WHAT IS EXPECTED — Repeat all the lines below exactly, but omit the pictures.

INFORMATION SHOWN —
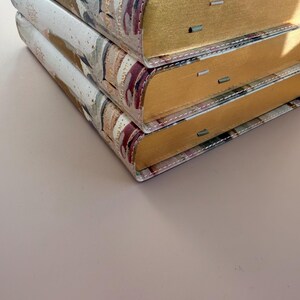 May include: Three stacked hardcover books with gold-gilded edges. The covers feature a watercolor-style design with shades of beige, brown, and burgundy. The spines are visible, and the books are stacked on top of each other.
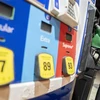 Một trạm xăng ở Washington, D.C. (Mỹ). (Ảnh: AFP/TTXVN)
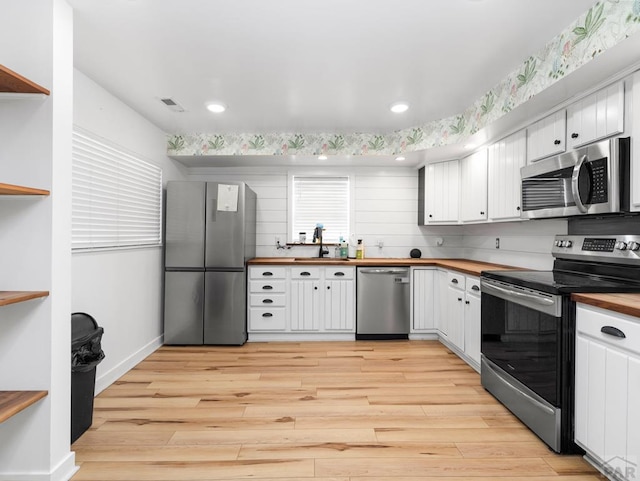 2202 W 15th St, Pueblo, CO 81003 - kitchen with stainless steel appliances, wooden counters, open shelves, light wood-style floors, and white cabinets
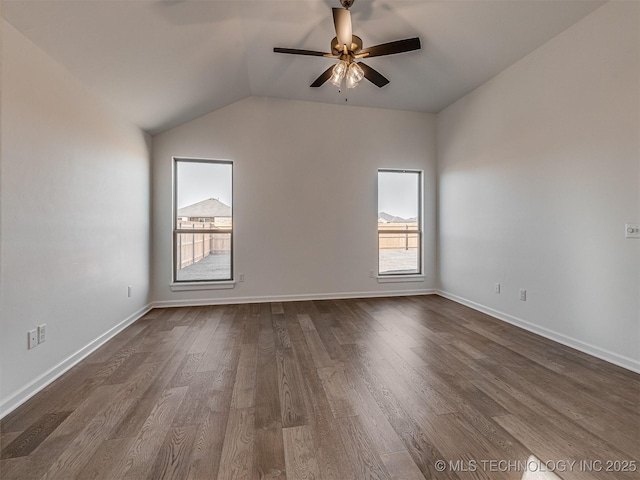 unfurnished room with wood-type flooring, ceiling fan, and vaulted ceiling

TASK OUTPUT —
 May include: Three stacked hardcover books with gold-gilded edges. The covers feature a watercolor-style design with shades of beige, brown, and burgundy. The spines are visible, and the books are stacked on top of each other.
 Một trạm xăng ở Washington, D.C. (Mỹ). (Ảnh: AFP/TTXVN)
 2202 W 15th St, Pueblo, CO 81003 - kitchen with stainless steel appliances, wooden counters, open shelves, light wood-style floors, and white cabinets
 unfurnished room with wood-type flooring, ceiling fan, and vaulted ceiling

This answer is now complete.